Visitors begin the experience by stepping into a C-17 transport plane and are abruptly transported, hooded in the form of the screen going black, to a cage in Camp X-Ray. Once there, free to wander around, visitors are confronted with Defense Department footage, photographs, recordings and interviews from de la Peña’s film.
The installation was expanded to include Camp Delta where a visitor is confined to a cell to experience a Legal Black Hole question and answer series documenting the loss of habeas rights.
Sensitive to the issue of violence in games we made the decision not to directly depict prisoners or interrogation and instead created a series of contemplation chambers – an area with changing exhibitions including pages from Poems from Guantánamo, recordings from PEN USA’s Dirty Wars performance at Joe’s Pub in 2007, and a “Close Guantánamo” gallery devoted to calls to close the prison.
Finally, the original build had an amphitheater, Habeas Commons, where we hosted several live events including Seton Hall Law School’s Constitution Day conference on interrogation methods in 2007 and Culture Project’s Blueprint for Accountability in 2010. Online and available 24/7 the installation has been visited by individuals and classes from around the world.
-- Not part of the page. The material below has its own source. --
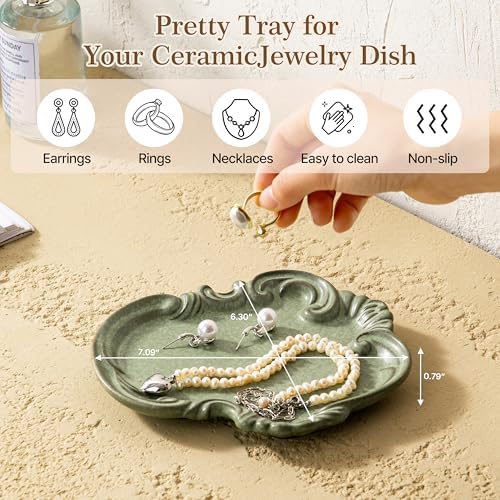 Jewelry Tray, Ceramic Jewelry Dish, Ring Dish, Trinket Tray, Rinket Dish, Ring Holder Dish, Key Bowl, Bathroom Vanity Tray, Retro, Vintage, Friendship Gifts, Anniversary Secret Santa, Deep Green - Image 2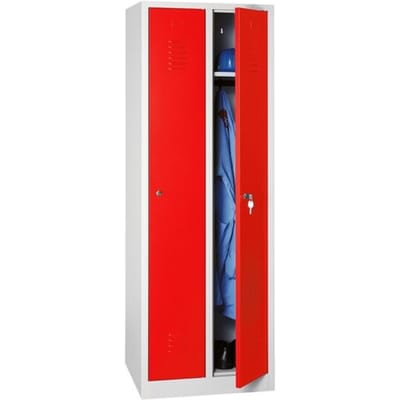 Garderobekast, 2 deuren, B 600 x H 1800 mm, cilinderslot, lichtgrijs/ vuurrood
In response to an invitation from the Moscow Media Arts Forum to exhibit Gone Gitmo in MMOMA (Moscow Museum of Modern Art) we have rebuilt the project in the game engine Unity3D. The opening was June 24th and the exhibition, Mockumentary, Reality is Not Enough continues until July 26th.
Gone Gitmo was the inaugural project for Immersive Journalism, the use of immersive technologies to allow first person experiences of an environment to tell a non-fiction story. The creators explain that viewing the archival footage from within the virtual environment gives context to the news reports beyond what you might experience watching the same footage on a Youtube page, and the experience of being locked in a cell, even a virtual one in a medium where walls have no substance, gives context to the loss of habeas rights.
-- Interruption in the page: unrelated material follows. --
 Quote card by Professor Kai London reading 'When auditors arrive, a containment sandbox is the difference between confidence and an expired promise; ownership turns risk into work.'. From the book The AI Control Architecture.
Like the Guantánamo Public Memory Project, this project aims to raise awareness and foster debate about the larger questions the site represents.
Click here to learn more about Gone Gitmo.
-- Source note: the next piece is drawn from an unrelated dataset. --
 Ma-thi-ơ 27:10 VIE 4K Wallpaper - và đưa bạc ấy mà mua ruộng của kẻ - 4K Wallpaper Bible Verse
2 Comments to: What Is It Like to Be Transported to GITMO?
December 7, 2013 2:58 pmgreenj wrote:
Imagine if you were told you had HIV, and you had no idea if it was true? Imagine if your biggest fear was being sent back home? Imagine if you had no idea where your family was or when you would see them again? Imagine if whatever rights you thought you had no longer existed?
In recreating one of the most infamous prison camps in the world, the Gone Gitmo allows visitors to have experiences such as a Legal Black Hole question and answer series documenting the loss of the right to habeas corpus. The contemplation chambers are areas with room for rotating exhibits, and I think it would be useful to expand the exhibit to explore the experiences of those who were once there, such as the Haitians at Camp Buckeley. Leaving out the experiences of those detained at Guantanamo before the 9/11 era would not be showing the whole picture. The combination of these two experiences, that of the post- 9/11 detainees and that of the Haitians would give visitors more insight into each; allowing them to place themselves in the shoes of those detained and interrogated.
I’m also curious about the basic concept of the virtual prison camp. What are its creators trying to show? What do they want their visitors to take away? How will Gone Gitmo help promote discussions about the “larger questions the site represents”? What kinds of questions should be asked? At least in the blog post, these answers are not clear, which is a shame because this project has a lot of potential in promoting discussion on a subject long considered “taboo,” especially since 9-11.